What is expected:
Your answer must be exactly the lines from the one containing "Yalis Hotel - Foto 51" through the end of the material, both ends included, without pictures.

Data for review:

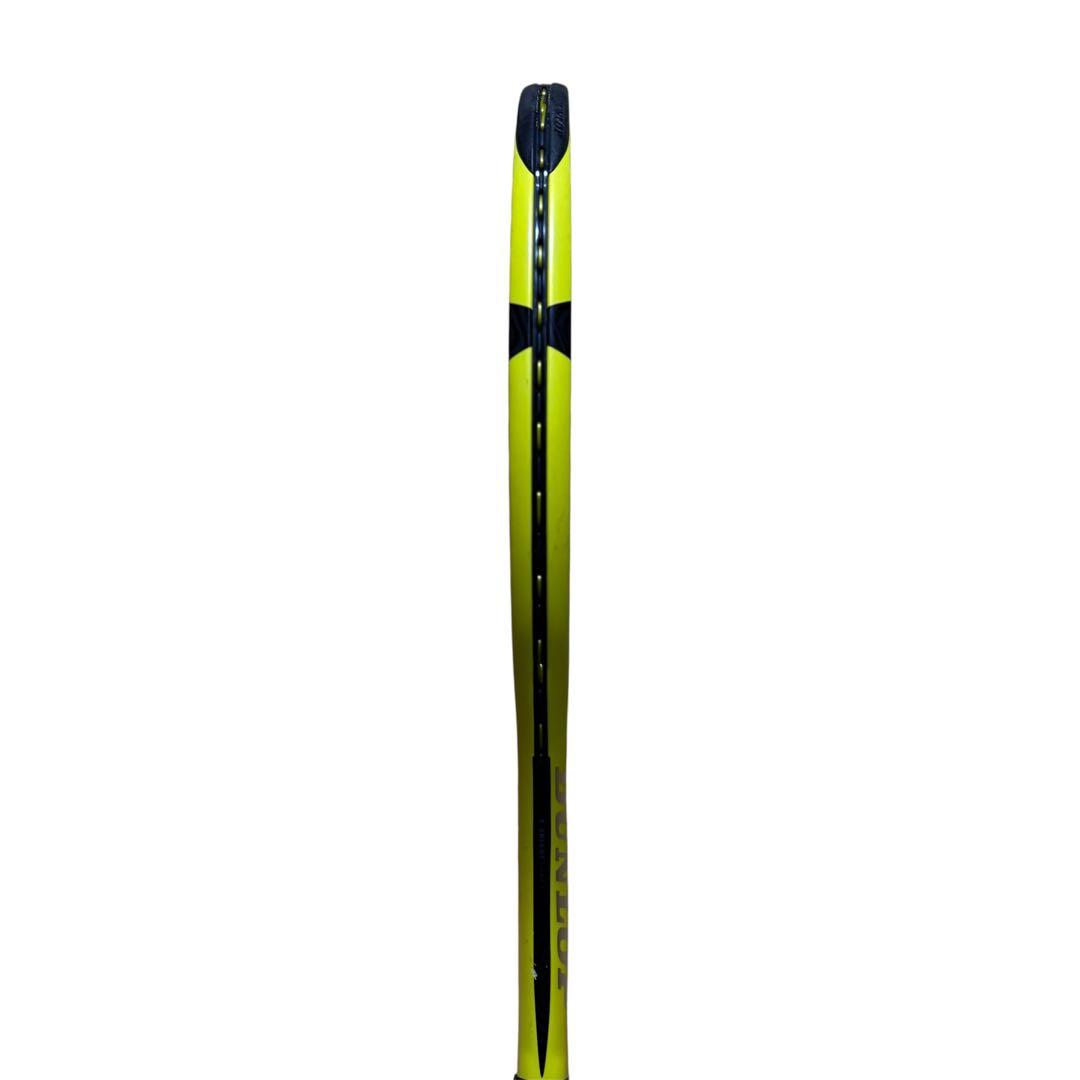 【美品】DUNLOP ダンロップ SX 300 TOUR G2 2022年　2本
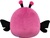 Squishmallows Motýľ monarcha – Marcelina, 13 cm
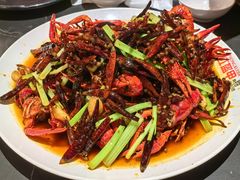 -红盔甲·小龙虾(人民广场店)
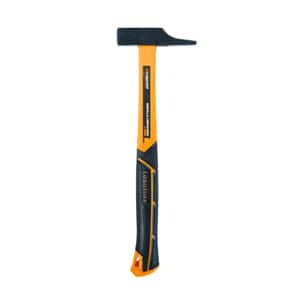 Martillo Carpintero Uña 20mm Cabeza Acero C45 Mango Fibra Vidrio L7500 - Lusqtoff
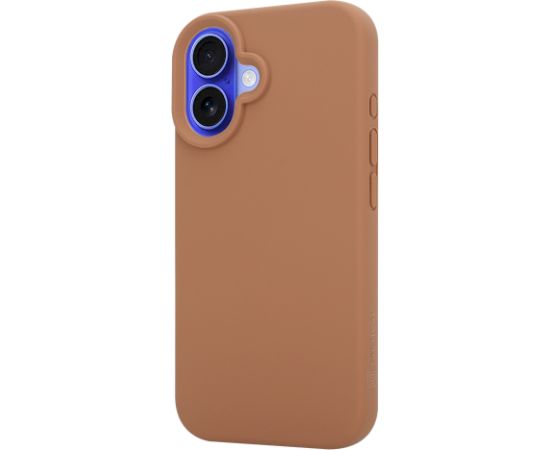 Tactical MagForce Velvet Smoothie Cover Защитный чехол для Apple iPhone 16 / Moucha Moose Чехлы - альтернативные
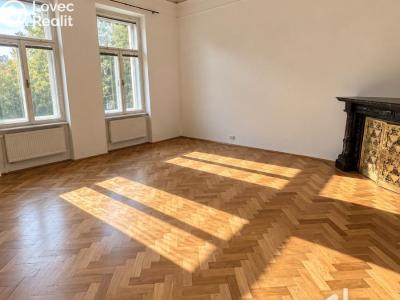 Pronájem bytu 3+1 Brno, Drobného č. 4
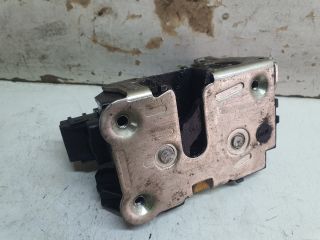 bontott DACIA DOKKER Jobb első Ajtózár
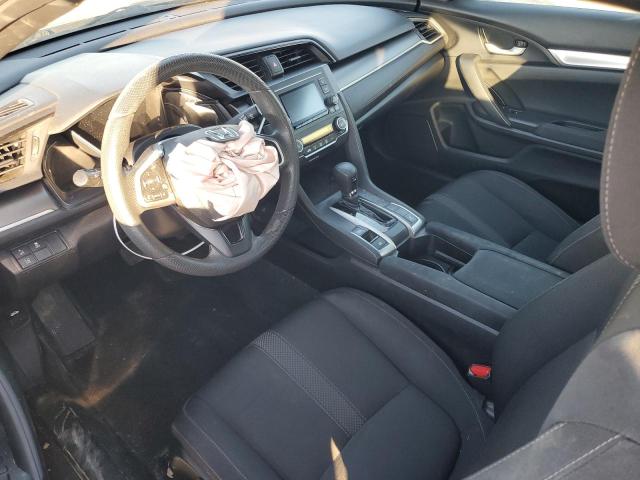 Photo 8 from auction – 2019 HONDA CIVIC LX with VIN 2HGFC4B62KH300052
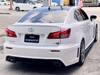 LEXUS IS F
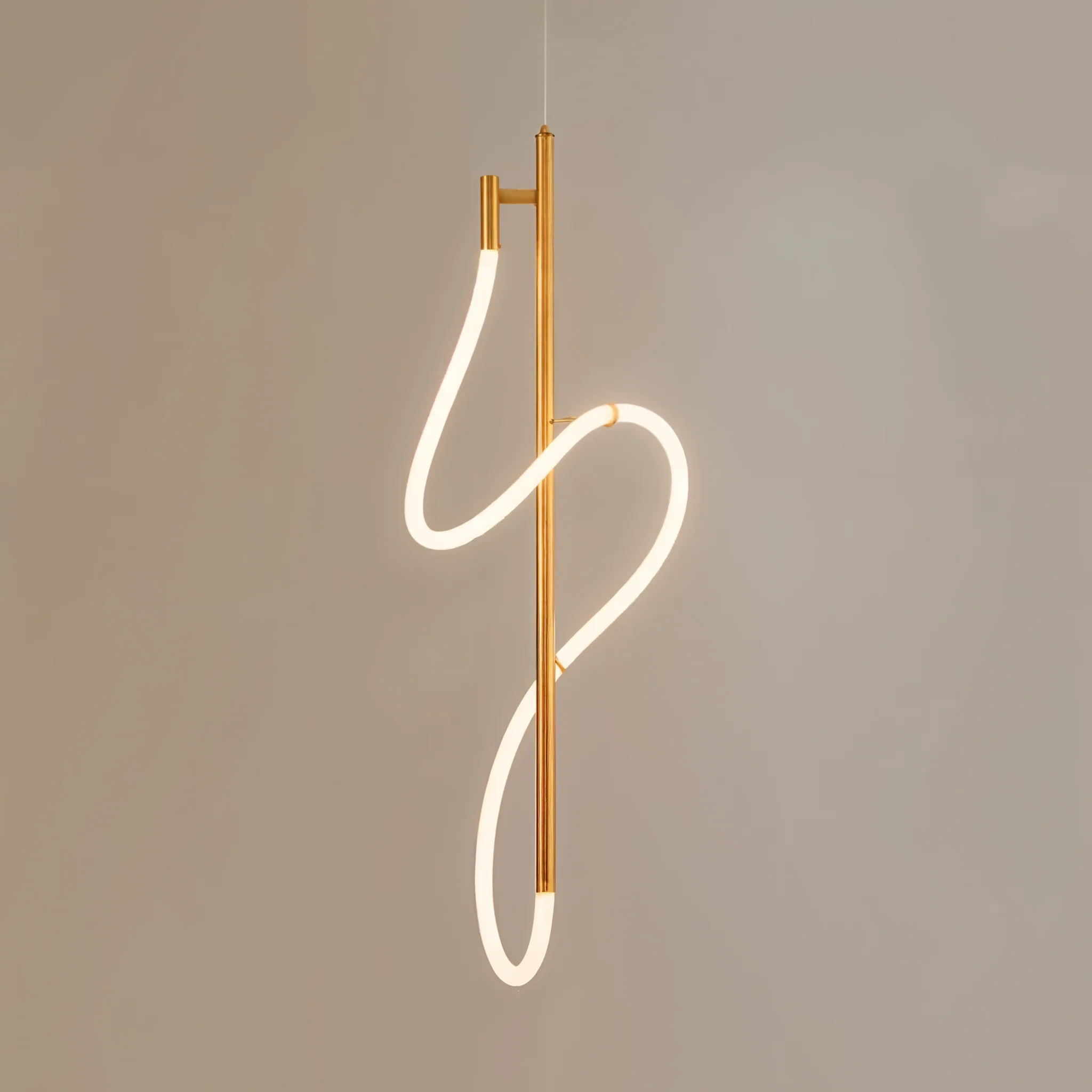 LED Pendant Light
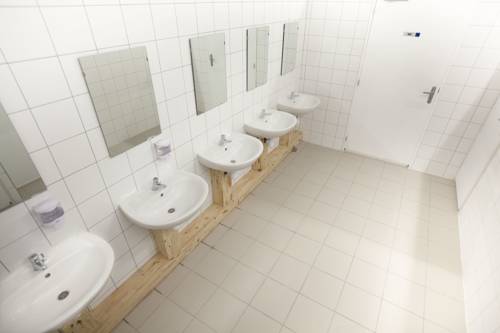 Imagen de la habitación del Le Fl&acirc;neur Guesthouse. Foto 10
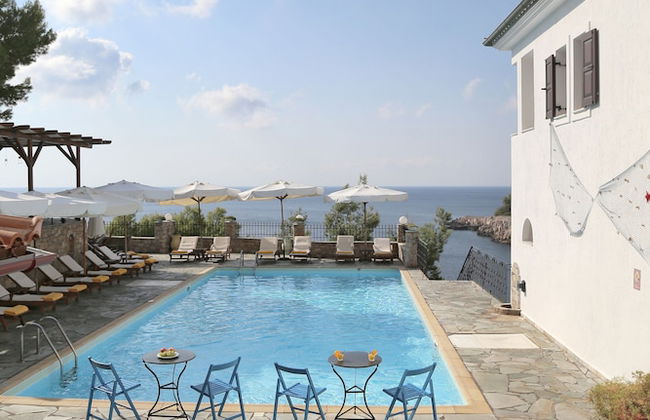 Yalis Hotel - Foto 51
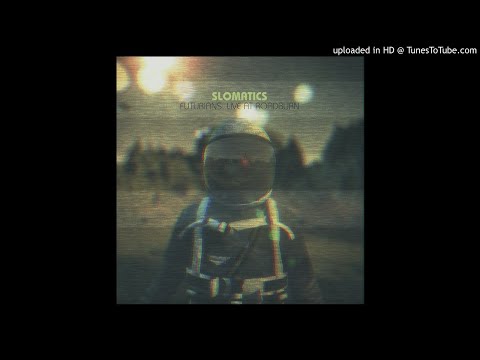 Slomatics — Slomatics - Electric Breath (Live At Roadburn Festival 2017)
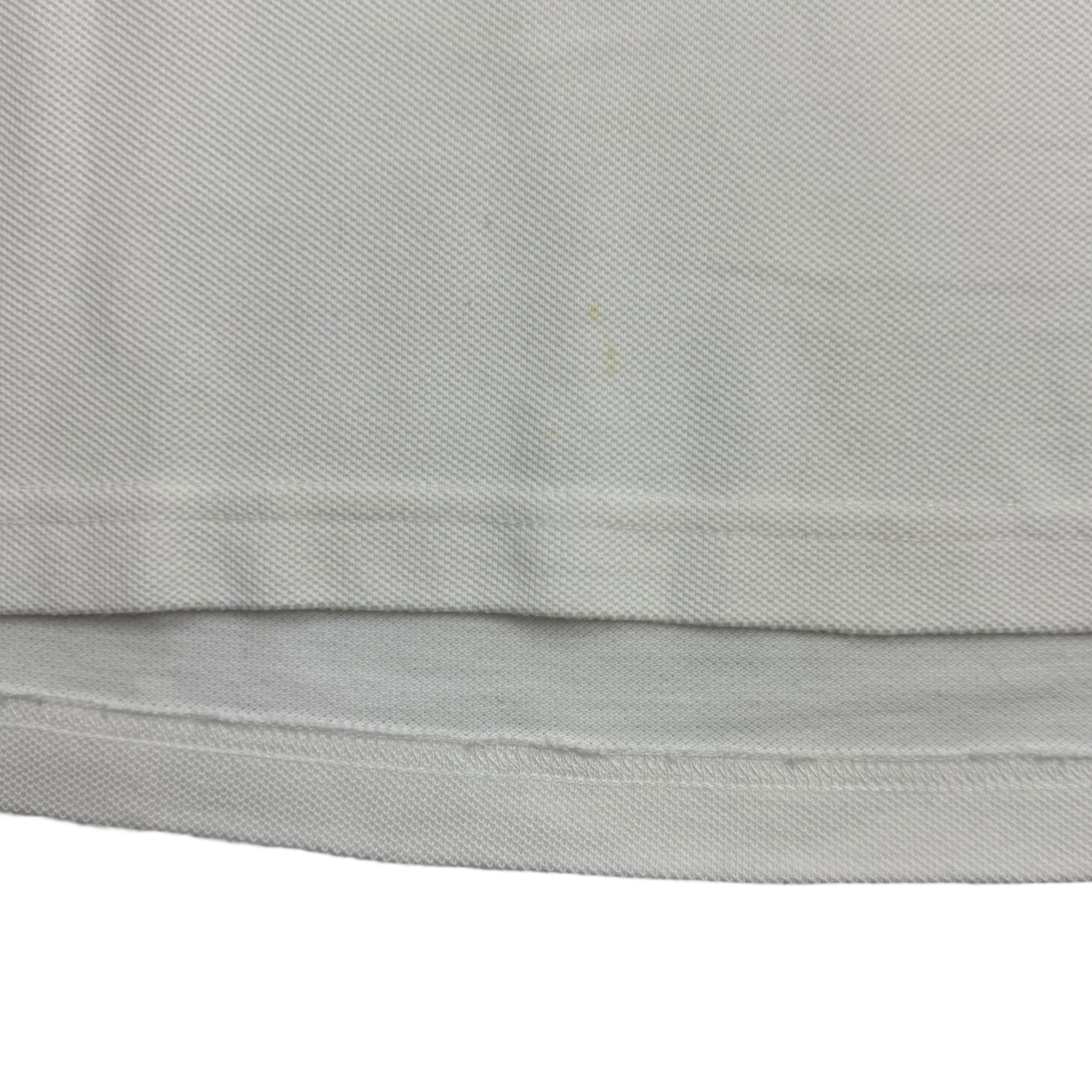 Vintage Tommy Hilfiger Sailing Gear Polo Shirt
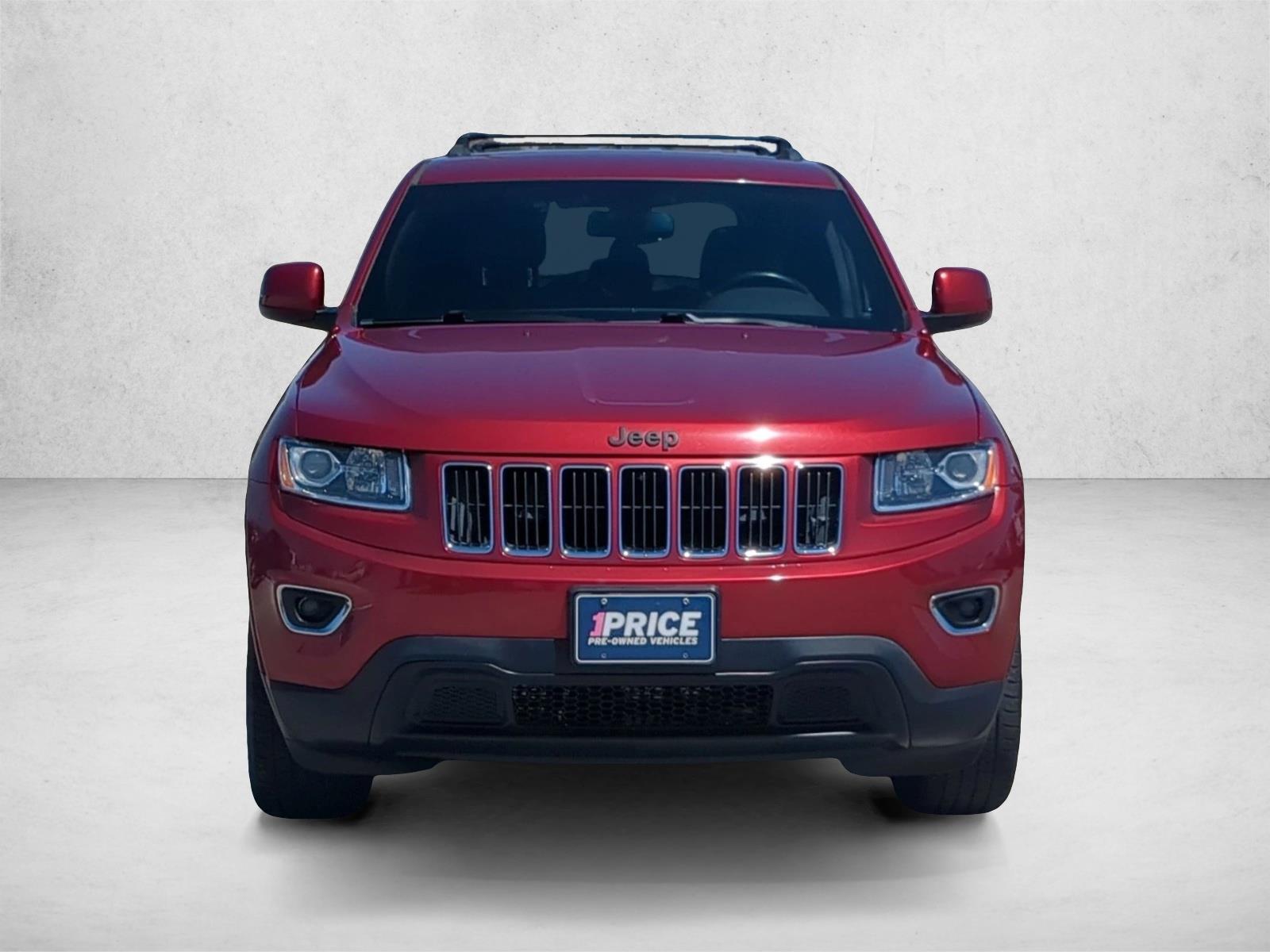 Used 2015 Jeep Grand Cherokee Laredo E with VIN 1C4RJEAGXFC951911 for sale in Santa Clarita, CA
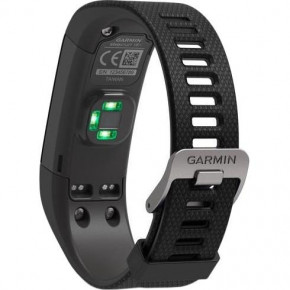 - Garmin Vivosmart HR+ Large Black (010-01955-33) 4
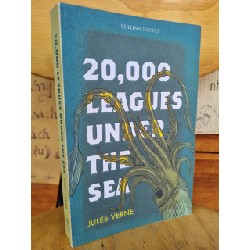 20,000 LEAGUES UNDER THE SEA - JULES VERNE 120845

Response to the exercise:
 Yalis Hotel - Foto 51
 Slomatics — Slomatics - Electric Breath (Live At Roadburn Festival 2017)
 Vintage Tommy Hilfiger Sailing Gear Polo Shirt
 Used 2015 Jeep Grand Cherokee Laredo E with VIN 1C4RJEAGXFC951911 for sale in Santa Clarita, CA
 - Garmin Vivosmart HR+ Large Black (010-01955-33) 4
 20,000 LEAGUES UNDER THE SEA - JULES VERNE 120845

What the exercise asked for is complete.